- Born: 25 December 1963 (age 62) Sofia

Gymnastics career
- Discipline: Rhythmic gymnastics
- Country represented: Bulgaria
- Eponymous skills: Ralenkova: 360 degree rotation on back
- Medal record
Representing Bulgaria
World Championships
| Gold medal – first place | 1981 Munich | All-around |
| Gold medal – first place | 1981 Munich | Clubs |
| Gold medal – first place | 1983 Strasbourg | Hoop |
| Silver medal – second place | 1981 Munich | Rope |
| Silver medal – second place | 1981 Munich | Hoop |
| Silver medal – second place | 1983 Strasbourg | All-around |
| Bronze medal – third place | 1981 Munich | Ribbon |
| Bronze medal – third place | 1983 Strasbourg | Ball |
| Bronze medal – third place | 1983 Strasbourg | Clubs |
| Bronze medal – third place | 1983 Strasbourg | Ribbon |
European Championships
| Gold medal – first place | 1982 Stavanger | All-around |
| Gold medal – first place | 1982 Stavanger | Rope |
| Gold medal – first place | 1982 Stavanger | Hoop |
| Gold medal – first place | 1984 Vienna | All-around |
| Gold medal – first place | 1984 Vienna | Hoop |
| Gold medal – first place | 1984 Vienna | Ball |
| Gold medal – first place | 1984 Vienna | Clubs |
| Silver medal – second place | 1982 Stavanger | Clubs |
| Bronze medal – third place | 1984 Vienna | Ribbon |
World Cup Final
| Gold medal – first place | 1983 Belgrade | Ball |
| Gold medal – first place | 1983 Belgrade | Clubs |
| Bronze medal – third place | 1983 Belgrade | All-around |

= Anelia Ralenkova =

Bulgarian rhythmic gymnast (born 1963)

Anelia Ralenkova (Анелия Раленкова; born 25 December 1963) is a Bulgarian former individual rhythmic gymnast. She is one of the "Golden Girls" of Bulgaria that dominated rhythmic gymnastics in the 1980s. She now works as a coach.

== Biography ==
She won gold medals at both world and European championships, but missed competing at the Summer Olympics in 1984 due to the Soviet-led boycott. Her coaches were Zlatka Boneva and Neshka Robeva.

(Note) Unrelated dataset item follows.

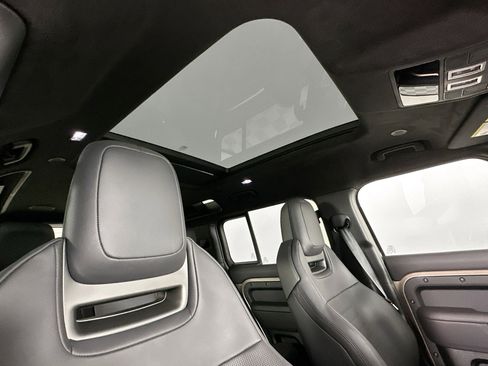 Used 2025 Land Rover Defender 110 image 21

The 1982 European Championships were successful for Ralenkova, who placed first in the all-around and with rope and hoop, and second with clubs. At the 1983 World Championships, Ralenkova fumbled with ribbon and was defeated by teammate Diliana Gueorguieva. Ralenkova shared the silver medal with another teammate, Lilia Ignatova, and Soviet Galina Beloglazova. Ralenkova won a collection of medals in event finals but was just edged out of every title except hoop (she also earned bronze for ball, clubs, and ribbon).

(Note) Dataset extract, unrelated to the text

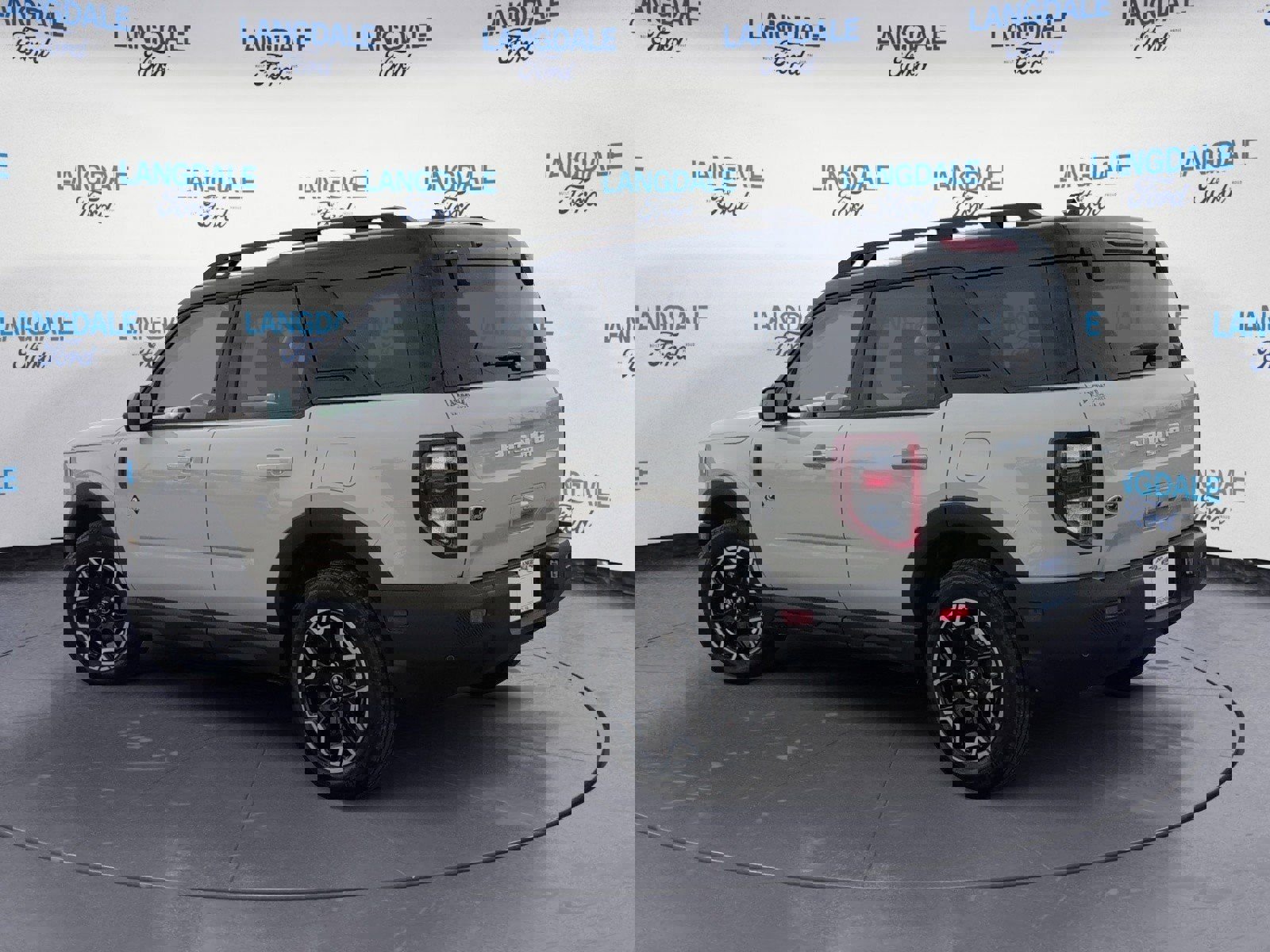 New 2025 Ford Bronco Sport Outer Banks image 9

At the Friendship Games, she moved up from fifth place on the first day of competition to second place in the all-around on the second. She retired after the 1984 European Championships in November, where she tied for all-around gold with Beloglazova after Beloglazova's last score was raised. Ralenkova expressed anger about the result, saying that "Rhythmic gymnastics is no longer a competition between athletes, but a competition between judges." She finished the individual apparatus finals with golds for hoop, ball, and clubs and a bronze for ribbon.

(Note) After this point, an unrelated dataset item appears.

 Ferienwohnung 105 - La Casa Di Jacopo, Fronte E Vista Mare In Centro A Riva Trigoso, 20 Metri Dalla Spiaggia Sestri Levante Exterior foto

In 1989, the U.S. Gymnastics Federation invited Ralenkova to do clinics, workshops, and sports promotions in a 35-city tour across the U.S. She began a gym in Seattle before moving to Palm Beach, Florida in 2001 and coaching there. She has one son.

== Eponymous skill ==
Ralenkova has one eponymous skill listed in the code of points, a turn of 360 degrees performed with the gymnast's back on the floor.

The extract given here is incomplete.